Friday, July 18, 2025

Friday Food: A Pork Triple Play

Friday

Short version: Ram chops, mashed potato cake, green peas

Long version: I tend to get very repetitive in cooking, especially with meat. So when I pulled a bag of ram chops out of the freezer, I did what I've been doing with them every time lately: marinate in salt, garlic, olive oil, and vinegar, then fry and finish with a sauce of the old red wine I'm still trying to use up. And cream. Sometimes I use cold butter.

Always good. And we don't have them often enough that anyone is tired of this yet.

The potato cake was the previous night's leftover smashed potatoes--which were not universally popular due to their texture--that I mashed further, mixed with an egg and some grated cheese, and then fried in a skillet with a lot of tallow. I couldn't flip this over whole, so I just sort of flipped sections of it until there were quite a bit of browned spots. It was still pretty soft, though. Everyone loved this. Much more popular than the smashed potatoes.


Before . . .


After . . .


And after on a plate.

Saturday

Short version: Irritating pork, butter-swim biscuits, sorta slaw

Long version: I had a very, very large pork shoulder in the freezer that was taking up way too much room. It was going to relatively cool this day, and also the next-day's birthday boy had requested the rice pudding that takes hours in the oven, so I decided to cook that giant hunk of pork.

And then I regretted it.

The first thing that happened was the rice pudding boiled over a bit and dripped onto the oven floor. Rice pudding is the WORST to get in a hot oven. So much smoke, so much mess.

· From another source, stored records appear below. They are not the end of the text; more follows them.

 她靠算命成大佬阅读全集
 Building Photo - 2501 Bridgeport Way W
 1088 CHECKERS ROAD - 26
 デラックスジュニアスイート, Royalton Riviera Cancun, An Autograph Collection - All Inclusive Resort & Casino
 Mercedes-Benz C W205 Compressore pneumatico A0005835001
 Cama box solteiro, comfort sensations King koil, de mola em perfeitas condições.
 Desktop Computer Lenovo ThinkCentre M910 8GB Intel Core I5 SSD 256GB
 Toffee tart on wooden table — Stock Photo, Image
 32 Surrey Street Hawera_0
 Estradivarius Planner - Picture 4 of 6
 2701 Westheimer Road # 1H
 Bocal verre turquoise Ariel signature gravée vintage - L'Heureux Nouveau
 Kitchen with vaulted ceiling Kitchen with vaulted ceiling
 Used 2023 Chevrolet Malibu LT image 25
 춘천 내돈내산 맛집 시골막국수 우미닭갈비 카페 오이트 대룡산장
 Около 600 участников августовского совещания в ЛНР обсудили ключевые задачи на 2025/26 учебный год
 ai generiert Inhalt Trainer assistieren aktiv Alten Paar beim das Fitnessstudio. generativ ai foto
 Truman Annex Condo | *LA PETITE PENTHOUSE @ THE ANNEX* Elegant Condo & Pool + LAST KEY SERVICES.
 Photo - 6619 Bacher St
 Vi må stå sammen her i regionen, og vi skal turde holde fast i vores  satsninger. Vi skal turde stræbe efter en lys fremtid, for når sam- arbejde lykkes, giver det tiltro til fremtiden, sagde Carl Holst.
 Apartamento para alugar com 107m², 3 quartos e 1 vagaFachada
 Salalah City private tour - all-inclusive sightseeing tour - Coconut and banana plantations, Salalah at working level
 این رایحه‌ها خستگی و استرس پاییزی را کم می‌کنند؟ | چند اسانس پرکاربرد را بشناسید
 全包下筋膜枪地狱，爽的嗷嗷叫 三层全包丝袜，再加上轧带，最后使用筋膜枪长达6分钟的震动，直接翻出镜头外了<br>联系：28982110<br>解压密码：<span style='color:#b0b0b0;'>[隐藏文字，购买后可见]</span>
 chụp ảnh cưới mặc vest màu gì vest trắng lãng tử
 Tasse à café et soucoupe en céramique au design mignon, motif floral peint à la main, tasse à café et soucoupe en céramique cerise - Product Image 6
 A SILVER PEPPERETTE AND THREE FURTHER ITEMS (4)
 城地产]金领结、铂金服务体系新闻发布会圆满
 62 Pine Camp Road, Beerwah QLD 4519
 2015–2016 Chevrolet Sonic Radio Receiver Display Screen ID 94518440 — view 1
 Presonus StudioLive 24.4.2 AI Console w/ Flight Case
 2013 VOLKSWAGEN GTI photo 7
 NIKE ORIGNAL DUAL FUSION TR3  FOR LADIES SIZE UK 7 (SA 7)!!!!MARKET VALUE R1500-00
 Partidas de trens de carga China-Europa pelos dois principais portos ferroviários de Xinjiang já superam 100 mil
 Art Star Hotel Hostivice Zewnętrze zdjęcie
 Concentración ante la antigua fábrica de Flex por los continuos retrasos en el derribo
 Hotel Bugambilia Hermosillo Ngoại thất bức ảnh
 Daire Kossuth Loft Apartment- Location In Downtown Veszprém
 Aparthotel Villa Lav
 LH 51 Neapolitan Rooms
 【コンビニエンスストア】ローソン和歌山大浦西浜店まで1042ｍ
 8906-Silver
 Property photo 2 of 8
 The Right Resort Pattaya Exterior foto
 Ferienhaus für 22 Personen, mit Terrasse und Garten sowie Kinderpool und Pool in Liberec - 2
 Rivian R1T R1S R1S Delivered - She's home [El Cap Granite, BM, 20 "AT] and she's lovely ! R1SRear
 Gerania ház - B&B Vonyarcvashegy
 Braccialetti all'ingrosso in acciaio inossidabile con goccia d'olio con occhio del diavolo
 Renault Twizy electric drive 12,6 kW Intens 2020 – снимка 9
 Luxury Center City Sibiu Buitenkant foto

Then, the pork was too big to fit in the deep casserole dish with a lid, so I put it in my biggest Pyrex casserole* and covered it with foil.

This never works well. I can never get the foil to stay tight. Maybe I don't use enough, I don't know, but it always ends up getting pushed away from the sides and then the liquid evaporates too quickly. 

This casserole was too shallow, which meant the liquid kept bubbling over the side and onto the floor of the oven. Which was already kind of mess from the rice pudding mess. There were just clouds of smoke coming out of the oven. I had to actually turn it off to let it cool a bit so I could clean it out. 

I also decided at that point to move it into the deeper dish I prefer to use, since the meat had shrunk a little. It was still just a bit too big for that dish, but I just found a spot where I could cut a small piece off next to the bone and kind of wedged it all in there.


And then I had two giant, greasy dishes to wash. YAY.

I also had to pour the liquid from the one dish to the other, and that, of course, ran down the outside of the dish and got all over the counter and dripped onto the floor.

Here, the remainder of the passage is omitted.